# 2014 Fees



## RuralEngineer (Nov 18, 2013)

I have one deeded week and the U.S. Collection.  Interesting that the maintenance fees for my deeded week are less that then U.S. Collection.  The theory was that the U.S. Collection would be cheaper.  All points are in the Club.

Glad I did keep my deeded week.

Combined my accounts this year so the total fees are less then last years.  
:whoopie:

Stephen


----------



## nightnurse613 (Nov 18, 2013)

And I was surprised when my husband told me our Club Assessment dropped 10 percent.   We went to an "exclusive" VIP dinner last night and were offered 10,000 more points for a measly $75,000 (they said points are now being standardized at $7.50 and will rise to over $10 around the first of the year).
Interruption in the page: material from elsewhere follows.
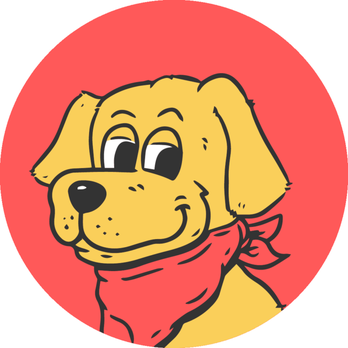 Brod Solutions - Link - Web Design Near Me - Kalamazoo, Michigan Brod Solutions - Link - Web Design Near Me - Kalamazoo, Michigan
Of course, I locked them in at $4.50 a little over a year ago but still resisted the $45,000 buy in. They also said that the DRI Collection should grow to 10 or 11,000 resorts by 2016.  Of course, with the IPO doing so well and the resultant influx of cash all things are possible..  They also introduced their new LUXURY offerings - I saw nights ranging from 6-20,000 pts (per night). This is a new collection of swanky, private residences scattered throughout the world - see, this actually was an update!!  The bottom line was DRI lists 20 resorts on their reservation website for California. Only 10 have ANY accommodations in June 2014 and, of the approximately 400 vacancies-390 were in the Palm Springs or Lake Tahoe area.   They did offer me 15,ooo pts for an eighteen month trial period (a test run after which time I could convert at $XXX).  Again, not pure points but some iteration with restrictions for use. Speaking of restrictions; the 3 day, two night "award certificate" was FILLED with restrictions- the first being you had to register within 14 days but could not use them for six months (and then they were only good for a year)! I tried to leave it at the table but my husband (the spendthrift) said we could go to Branson!!


----------